Materials and Procedure
Participants read vignettes that manipulated the topic domain and whether the target was curious or not curious. Specifically, Study 4 included three domains: religious activity (prayer or religious celebrations, that is, information religious participants would likely view as positive and socially valued), hobbies (making pasta or collecting coins; neutral topics), or immoral behaviors (cheating in university or lying on a job application; negative topics). We expected these domains to vary in whether participants valued the information, allowing us to test whether positive evaluations might be limited to targets who demonstrated curiosity regarding valued (or at least neutral) topics. We compared curious and non-curious targets rather than knowledgeable targets to assess whether abstaining from certain types of (immoral) information may signal virtue. All participants evaluated 12 randomized targets (two for each curiosity-by-domain condition).
After reading a passage describing a target character, participants evaluated whether or not they were curious (a single-item manipulation check, answered on a 7-point Likert-type scale), competent (composite of “intelligent,” “competent,” and “clever”), warm (composite of “sociable,” “warm,” and “friendly”), and moral (composite of being a “good person,” “nice person,” and performing a “right” behavior) as well as the extent to which targets generally put in effort (from Study 3). Participants answered experimental items using 6-point bipolar scales scored so higher values indicated more positive evaluations. Participants also evaluated how moral the focal action was (one 7-point item, adapted to the vignette topic, e.g., “How immoral or moral is it to pray to God?”) and to what extent the target was committed to the action (one 5-point item, adapted to vignette topic, e.g., “Is she committed to praying to God?”). Question phrasing matched the gender of the target.
Results
Evaluations Across Conditions
Preliminary analyses (available in the Supplementary Materials) confirmed that we successfully manipulated curiosity and domain valence. The main analyses were multilevel regression models that predicted evaluations from target curiosity, topic domain, participant religion (all conditions dummy coded), and all interactions between these three variables, with random intercepts by the participant. We conducted three separate analyses predicting evaluations of the target character’s morality, warmth, and competence. The models (available in full in the Supplementary Materials) revealed significant two-way interactions between curiosity and domain, domain and participant religion, and curiosity and participant religion, with interaction bs > 0.80 for moral evaluations, bs > 0.49 for warmth, and bs >0.35 for competence, ps < .001. We also observed significant three-way interactions between domain, curiosity, and participant religion, interaction bs > 1.60 for morality, bs > 0.80 for warmth, and bs > 1.96 for competence, ps < .001. To break down these results, Figure 4 depicts mean evaluations and Table 4 depicts model-derived simple effects of the difference between evaluations of the curious and non-curious targets.

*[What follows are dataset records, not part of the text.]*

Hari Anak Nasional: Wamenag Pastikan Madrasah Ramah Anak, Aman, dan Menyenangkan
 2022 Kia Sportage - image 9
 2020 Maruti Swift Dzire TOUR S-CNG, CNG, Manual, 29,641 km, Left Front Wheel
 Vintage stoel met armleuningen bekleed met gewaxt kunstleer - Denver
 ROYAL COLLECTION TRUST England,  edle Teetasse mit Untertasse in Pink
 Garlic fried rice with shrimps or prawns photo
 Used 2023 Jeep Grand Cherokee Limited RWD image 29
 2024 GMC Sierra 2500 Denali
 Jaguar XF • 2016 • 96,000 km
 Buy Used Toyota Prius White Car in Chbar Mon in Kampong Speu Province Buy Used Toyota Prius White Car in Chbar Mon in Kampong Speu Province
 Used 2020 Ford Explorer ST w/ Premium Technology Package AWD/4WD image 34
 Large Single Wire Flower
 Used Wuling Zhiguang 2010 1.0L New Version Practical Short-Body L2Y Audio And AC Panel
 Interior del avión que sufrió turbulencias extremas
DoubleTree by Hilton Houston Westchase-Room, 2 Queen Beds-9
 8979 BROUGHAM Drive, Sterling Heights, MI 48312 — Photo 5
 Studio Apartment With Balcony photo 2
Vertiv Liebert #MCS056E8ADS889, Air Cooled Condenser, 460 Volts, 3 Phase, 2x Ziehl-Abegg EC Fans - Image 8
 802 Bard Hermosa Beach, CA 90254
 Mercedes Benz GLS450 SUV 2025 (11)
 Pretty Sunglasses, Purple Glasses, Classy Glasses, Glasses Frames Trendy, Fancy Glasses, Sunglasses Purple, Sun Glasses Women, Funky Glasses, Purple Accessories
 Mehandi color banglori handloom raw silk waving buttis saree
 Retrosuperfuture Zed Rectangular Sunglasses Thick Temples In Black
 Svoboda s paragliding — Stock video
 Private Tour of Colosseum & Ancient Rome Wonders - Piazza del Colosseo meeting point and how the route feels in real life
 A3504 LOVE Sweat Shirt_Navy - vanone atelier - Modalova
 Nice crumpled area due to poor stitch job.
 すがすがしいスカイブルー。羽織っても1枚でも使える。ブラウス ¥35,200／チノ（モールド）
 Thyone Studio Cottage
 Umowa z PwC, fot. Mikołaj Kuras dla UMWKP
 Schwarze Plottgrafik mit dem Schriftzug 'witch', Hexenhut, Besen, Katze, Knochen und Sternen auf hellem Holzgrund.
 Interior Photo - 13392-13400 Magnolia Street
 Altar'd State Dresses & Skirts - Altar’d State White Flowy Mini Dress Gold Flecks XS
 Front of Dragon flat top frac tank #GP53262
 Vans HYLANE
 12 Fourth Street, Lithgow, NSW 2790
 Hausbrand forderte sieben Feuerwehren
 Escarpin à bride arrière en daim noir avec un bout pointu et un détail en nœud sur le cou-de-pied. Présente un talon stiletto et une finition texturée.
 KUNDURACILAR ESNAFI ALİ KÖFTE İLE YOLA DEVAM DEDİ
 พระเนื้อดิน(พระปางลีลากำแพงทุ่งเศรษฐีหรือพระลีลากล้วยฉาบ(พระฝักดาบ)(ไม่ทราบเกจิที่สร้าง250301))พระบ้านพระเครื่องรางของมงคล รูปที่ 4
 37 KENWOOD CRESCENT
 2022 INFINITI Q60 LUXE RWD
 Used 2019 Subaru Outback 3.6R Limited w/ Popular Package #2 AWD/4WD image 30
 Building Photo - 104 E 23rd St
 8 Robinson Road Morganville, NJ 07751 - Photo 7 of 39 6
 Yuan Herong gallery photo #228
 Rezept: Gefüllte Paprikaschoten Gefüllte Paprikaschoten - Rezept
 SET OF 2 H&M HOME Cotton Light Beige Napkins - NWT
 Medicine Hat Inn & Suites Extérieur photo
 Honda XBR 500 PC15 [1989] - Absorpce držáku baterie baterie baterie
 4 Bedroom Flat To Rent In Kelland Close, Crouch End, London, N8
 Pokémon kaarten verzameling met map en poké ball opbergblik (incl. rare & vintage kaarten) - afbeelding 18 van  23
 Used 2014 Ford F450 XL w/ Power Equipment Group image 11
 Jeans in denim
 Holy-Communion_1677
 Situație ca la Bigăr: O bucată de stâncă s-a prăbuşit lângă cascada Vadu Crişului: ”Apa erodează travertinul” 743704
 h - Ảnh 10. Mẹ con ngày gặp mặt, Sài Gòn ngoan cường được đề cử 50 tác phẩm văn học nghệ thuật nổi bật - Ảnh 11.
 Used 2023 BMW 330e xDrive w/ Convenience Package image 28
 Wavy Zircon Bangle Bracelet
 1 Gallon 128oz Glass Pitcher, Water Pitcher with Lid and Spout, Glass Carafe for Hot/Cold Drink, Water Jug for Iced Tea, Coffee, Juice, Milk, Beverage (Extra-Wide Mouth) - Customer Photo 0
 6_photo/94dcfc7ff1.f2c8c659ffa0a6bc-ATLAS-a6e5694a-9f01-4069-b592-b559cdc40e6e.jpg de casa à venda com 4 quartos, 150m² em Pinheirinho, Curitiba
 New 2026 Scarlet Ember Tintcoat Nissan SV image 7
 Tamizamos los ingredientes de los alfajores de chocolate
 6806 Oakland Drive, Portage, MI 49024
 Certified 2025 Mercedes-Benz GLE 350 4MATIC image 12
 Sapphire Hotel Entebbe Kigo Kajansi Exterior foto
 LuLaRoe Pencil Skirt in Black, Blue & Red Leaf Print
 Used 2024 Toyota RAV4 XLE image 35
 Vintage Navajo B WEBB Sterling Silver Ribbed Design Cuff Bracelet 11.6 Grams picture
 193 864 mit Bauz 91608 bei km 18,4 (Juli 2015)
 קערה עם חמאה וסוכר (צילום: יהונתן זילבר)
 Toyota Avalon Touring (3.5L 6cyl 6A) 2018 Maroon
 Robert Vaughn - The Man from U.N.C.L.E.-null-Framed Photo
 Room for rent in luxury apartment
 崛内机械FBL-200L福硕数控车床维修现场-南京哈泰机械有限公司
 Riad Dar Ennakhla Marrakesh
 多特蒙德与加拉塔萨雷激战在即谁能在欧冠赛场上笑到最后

Mean Evaluations (With 95% Confidence Intervals) of Targets Who Were Curious Versus Non-Curious About Religion, Hobbies, or Immoral Behaviors Among Christian and Atheist Participants. Participants Evaluated Each Target’s (a) Moral Character, (b) Warmth, and (c) Competence
Simple Effects Depicting the Size (b [95% CI]) of the Difference Between Evaluations of Curious (1) and Non-Curious (0) Targets Among Christian and Atheist Participants Evaluating Each Topic Domain, Derived From the Preregistered Multilevel Regression Model Predicting Evaluations
Note. All ps < .001
For religion, we replicated the previous findings that Christian participants viewed the curious target as more moral than the non-curious target. Furthermore, Christians viewed curious targets as more warm and more competent than non-curious targets. Atheists showed a different pattern, viewing religiously curious targets as slightly less moral and less competent than non-curious targets, although atheists also rated religiously curious targets as warmer than non-curious targets.
When the topic of curiosity was hobbies or immoral behaviors, Christians and atheists showed similar evaluations. For hobbies, both Christians and atheists viewed curious targets as more moral, warmer, and more competent than non-curious targets, although among Christians the positive curiosity effect about hobbies was significantly smaller than the positive effect about religion. This result indicates that Christians were especially likely to infer positive traits when someone was curious (versus non-curious) about religion. Curiosity about how to perform immoral actions showed the opposite pattern: Both Christians and atheists rated curious targets as highly immoral, lower in warmth, and low in competence, and they positively evaluated non-curious targets.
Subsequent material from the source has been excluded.